From Super Mario Bros on the NES to Halo on the Xbox to Wii Sports on the Wii, games consoles are made not by their hardware but by their killer titles.
We got our hands on the much-vaunted OUYA this week and, with Nvidia's Project Shield, GameStick and phone manufacturers like Samsung focusing more heavily on gaming, nobody can deny that Android is the platform to watch if you like to play.
Cut-price gaming is an obvious angle - why pay a fortune for high-end games console when you can snap up, say, OUYA for $99 or £99?
The answer right now is because when you fork out a sizable chunk of change for a big-name console like Xbox 720 or PS4 you are getting a guarantee of massive games titles, and an expectation of quality and performance.
Android will, of course, have plenty of titles to choose from - and it may even benefit from some of the big name players getting involved - but it needs something beyond 'it's cheap' to really become a competitor.
Naturally, no one is under any illusion that there will be limitations with cheap hardware, although what we consider low-end these days passed for pretty darn good just a few years back.
Retro gaming will be an easy avenue - one that is successfully being plundered on our mobile phones as we speak - but an Android device that puts gaming as its main selling point needs to look beyond the cheap wins.
Already swiping its way through the 'casual' gaming tag, gaming on mobile devices can afford to be a little less forward-thinking.
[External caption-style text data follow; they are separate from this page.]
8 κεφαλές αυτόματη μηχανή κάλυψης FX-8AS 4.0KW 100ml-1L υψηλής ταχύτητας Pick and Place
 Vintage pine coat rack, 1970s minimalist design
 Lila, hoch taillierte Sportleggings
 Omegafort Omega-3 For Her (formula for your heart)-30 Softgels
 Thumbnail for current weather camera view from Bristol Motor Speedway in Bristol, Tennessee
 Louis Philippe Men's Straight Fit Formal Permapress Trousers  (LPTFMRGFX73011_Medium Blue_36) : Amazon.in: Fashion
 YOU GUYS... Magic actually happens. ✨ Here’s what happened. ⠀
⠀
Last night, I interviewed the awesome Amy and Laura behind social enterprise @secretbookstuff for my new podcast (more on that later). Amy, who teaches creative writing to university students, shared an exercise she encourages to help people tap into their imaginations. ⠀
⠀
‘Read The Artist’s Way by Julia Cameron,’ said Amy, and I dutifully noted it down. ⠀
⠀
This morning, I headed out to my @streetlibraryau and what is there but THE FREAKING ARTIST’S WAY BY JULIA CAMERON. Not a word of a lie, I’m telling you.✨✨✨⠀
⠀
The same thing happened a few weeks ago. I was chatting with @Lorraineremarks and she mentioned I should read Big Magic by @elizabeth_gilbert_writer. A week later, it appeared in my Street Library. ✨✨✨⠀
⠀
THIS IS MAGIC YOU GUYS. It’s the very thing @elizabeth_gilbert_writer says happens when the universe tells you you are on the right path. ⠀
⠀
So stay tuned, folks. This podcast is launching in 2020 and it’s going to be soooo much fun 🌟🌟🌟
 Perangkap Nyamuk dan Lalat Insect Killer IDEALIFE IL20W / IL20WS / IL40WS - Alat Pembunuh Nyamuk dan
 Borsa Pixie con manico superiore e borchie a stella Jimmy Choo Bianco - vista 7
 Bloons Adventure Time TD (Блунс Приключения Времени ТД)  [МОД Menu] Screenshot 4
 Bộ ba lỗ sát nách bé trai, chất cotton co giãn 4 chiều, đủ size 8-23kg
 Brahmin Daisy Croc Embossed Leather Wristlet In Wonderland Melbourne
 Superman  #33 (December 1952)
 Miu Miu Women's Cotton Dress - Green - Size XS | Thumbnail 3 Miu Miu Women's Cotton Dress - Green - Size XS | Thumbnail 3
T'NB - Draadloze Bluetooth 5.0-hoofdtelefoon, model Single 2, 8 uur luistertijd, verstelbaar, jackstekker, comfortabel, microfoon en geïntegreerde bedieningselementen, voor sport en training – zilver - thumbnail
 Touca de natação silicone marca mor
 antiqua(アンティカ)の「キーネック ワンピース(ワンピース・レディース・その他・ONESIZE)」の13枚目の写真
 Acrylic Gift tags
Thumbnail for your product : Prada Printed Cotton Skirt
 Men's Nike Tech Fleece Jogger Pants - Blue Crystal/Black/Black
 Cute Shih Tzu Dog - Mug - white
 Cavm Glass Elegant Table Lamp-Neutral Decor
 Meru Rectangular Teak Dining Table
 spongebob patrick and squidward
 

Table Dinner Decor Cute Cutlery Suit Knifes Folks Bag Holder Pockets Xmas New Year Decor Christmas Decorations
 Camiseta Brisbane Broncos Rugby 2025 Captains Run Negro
People's expectation of games on their phones and tablets tend to be lower.
But will hardcore gamers be prepared to pay for a pared-down, diet version of their favourite game on an Android gaming platform just because their initial outlay is less?
People are pragmatic, of course, but they will also quickly become nonplussed if Android gaming feels a bit like Angry Birds Plus rather than Call of Duty minus a patina of quality.
The interest in OUYA has been huge and encouraging but will that interest be sustained to the point where the gaming audience choose to buy one rather than plump for the traditional big players?
Will the non-hardcore gamers be willing to pay out for a games console that is offering up cheaper retro offerings? And will the big game developers be prepared to invest in Android as a platform for high-end games before the market has been proven? These questions all remain to be answered.
Streaming it in
There is a giant codicil to this thinking, of course, OUYA's partnership with OnLive - and the potential of streamed gaming - could mean that, for a subscription, you can have your cheap cake and still eat your fancy icing.
But, with the rise and rise of smart TVs and a host of other connected devices that are likely to offer a low cost path into your living room, why would you buy a separate gaming device at all if you go down this route?
It's unlikely that Android gaming will ever get its Halo or Gran Turismo - an exclusive classic that can define the entire platform. But it definitely needs some top quality titles if it is truly likely to become a familiar sight in the mainstream gaming world.